After taking in one of the Rays’ final spring training games at Al Lang Stadium a few weeks ago, my dad and I decided to investigate St. Petersburg’s baseball past by strolling down Central Avenue’s “Baseball Boulevard.” Maybe some of you have seen, or stumbled over, those plaques commemorating teams you’ve never heard of (the St. Louis Browns, anyone?), in times so bygone that your grandparents can’t remember them. Perhaps you’ve nodded thoughtfully on your way to Mastry’s Bar: “Hmm, Babe Ruth was a Boston Brave?” Chances are, however, you’ve looked upon those plaques and the history behind them with the same sort of apathy that most residents—and, it seems, the baseball world in general—view the state of the game in St. Petersburg.

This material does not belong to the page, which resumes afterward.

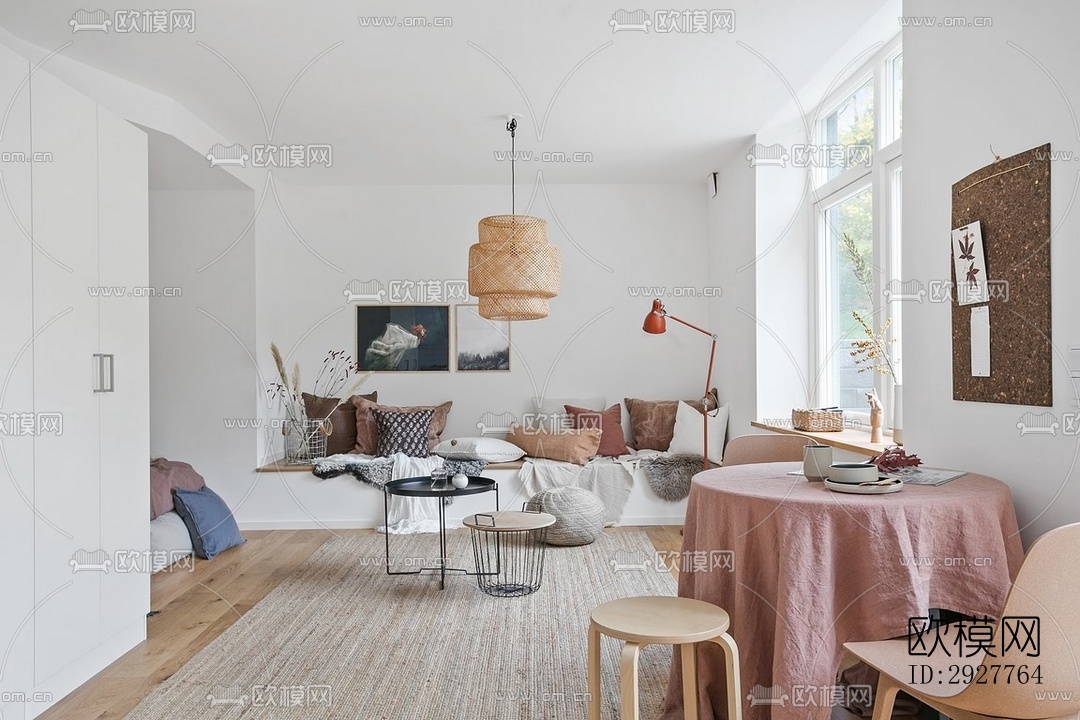 北欧公寓效果图下载（渲染图1）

But all of that’s about to change, right? I mean, have you seen the plans for the new waterfront stadium? The Rays will be the envy of the country! Er, okay, perhaps that’s going a bit far, but can you imagine it? Taking in a baseball game the way nature intended? In an actual, honest-to-goodness, open-air park?
Yeah, I know. Nothing’s official yet. Just recently, a study by the Rays showed that there was “plenty” of parking downtown to fill the needs of baseball fans heading to a 35,000 seat park. Um, sure, if you say so. I think anyone who’s been late for a movie at Baywalk on a Friday night might beg to differ, but I’m not going to let that spoil my dream.

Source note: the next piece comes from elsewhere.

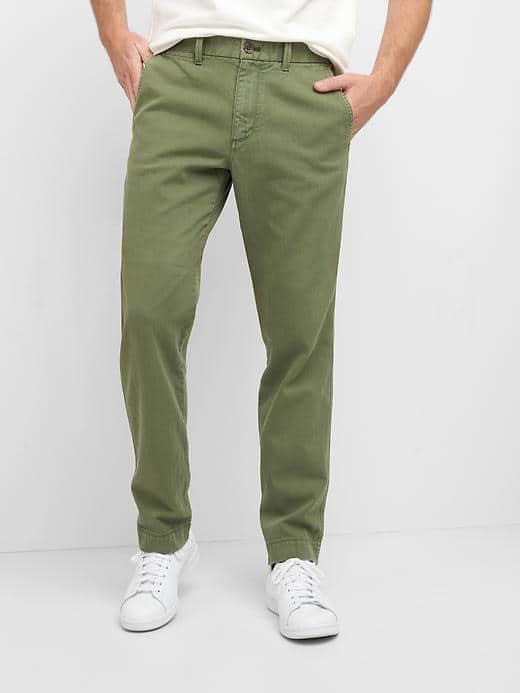 Gap Men Athletic Taper Khakis - Desert Cactus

People, the Trop has to go. There is nothing about that monstrosity of a dome that says “Take Me Out to the Ball Game.” There is nothing about that “field” that has anything to do with baseball. If there’s anything that my little excursion to Al Lang taught me, it’s that America’s pastime is about sunshine and grass and dirt. How can you celebrate “The Boys of Summer” in a windowless, frigid bubble?
After years of being the big league’s training ground, we finally got our own team. And, maybe that’s why it took us so long: baseball has really always had a place in St. Petersburg. From Babe Ruth’s exploits, to Joe Dimaggio and Marylin Monroe on the beach, the Grapefruit League has brought us our share of legends. But now, I say it’s time to step up to the plate. I say it’s time to bring a little of the American Dream to America’s pastime, right here in our hometown. I’m going to root for that semi-covered, air-conditioned, open-air ballpark until the last man is out. Even if I have to walk two miles from the parking lot to get there.